Explain what two high-level math subjects are to a non-math major

Both questions are rebutted by the same observation: a topological space is not a set. A topological space is a set and a specified topology.

A line in R[sup]3[/sup] and a plane in R[sup]3[/sup] with the subspace topologies induced from the metric topology on R[sup]3[/sup] are not homeomorphic. That wasn’t the statement, however. The statement was just that the line and the plane aren’t homeomorphic.

Similarly, considering a cylinder as an appropriate étale bundle over the circle (as opposed to the “standard” product topology as a circle crossed with a line) makes them homeomorphic. It’s very similar to the Riemann surface of the logarithmic function over the Riemann sphere: an infinite cyclic cover.

Oh, please. Topology doesn’t exist in a vacuum, and for that reason there is such a thing as a standard topology on those two spaces. I repeat: continuity on the reals can be and is defined long before the word “topology” ever has to be uttered. In fact the entire notion of a topology is an abstraction which was inspired by the notion of continuity of real-valued functions. So it’s entirely possible for a non-topologist to ask “are the line and the plane homeomorphic”, and when a non-topologist does ask such a question we don’t have to bend over backwards to guess what topology they mean. Abstract topologies are a good and wonderful thing, but let’s not forget what they’re an abstraction of.

ITR Champion’s post was perfectly fine.

Quoth Orbifold:

Unfortunately, that project has been completed, with null results. If the Universe has a nontrivial topology, the elemental cell is larger than the observable universe, and hence no repetitions are visible to us. This was actually suspected from the start, but a non-null result would be interesting enough and the effort required was small enough (since we already had the data anyway) that it was considered worth the investment of time despite the low chance of payoff.

Cabbage, you forgot one condition in your definition of a metric, that the distance be zero only if the two points are identical.
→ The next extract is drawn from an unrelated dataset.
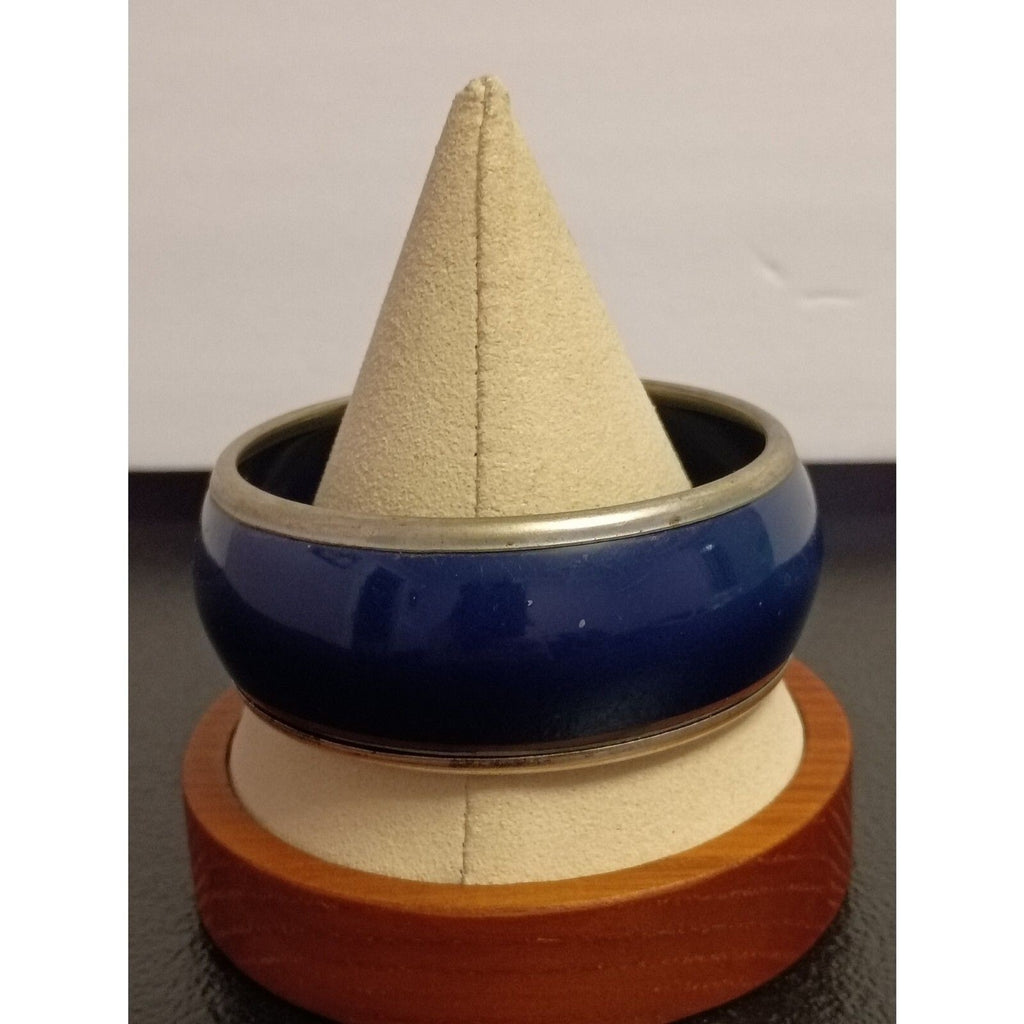 Vintage Navy Blue Enamel and Metal Bangle Bracelet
Otherwise, the trivial function where f(x,y) = 0 for all x and y would be a metric, which it is not.

For the OP’s questions, all I can add is that you really, really never want to have to solve a nonlinear PDE. They almost always require a computer, giving you only a numerical solution, and even there, you generally have to be really careful in coding, based on the details of the particular PDE you have, to make sure that your program is stable, or you’ll end up with a solution in which the computer is very confident, but which is absolutely wrong.

Oh, I was well aware that these things were going to be nigh on impossible for me to understand based on my lack of sufficient math to grasp any explanation that’s not a gross simplification.

The friend who first told me of PDEs and topology (part of an elaborate scheme to meet girls, if you were curious. It failed) said, “since people are actually answering you, how about you see if they can take a whack at explaining number theory?” So, how about it everyone? Number theory?

The same friend (who is a math major) said something to the same effect. Something about “I’ve done linear PDEs and they are God-awful. I can only imagine that non-linear ones would be about the most horrible thing ever”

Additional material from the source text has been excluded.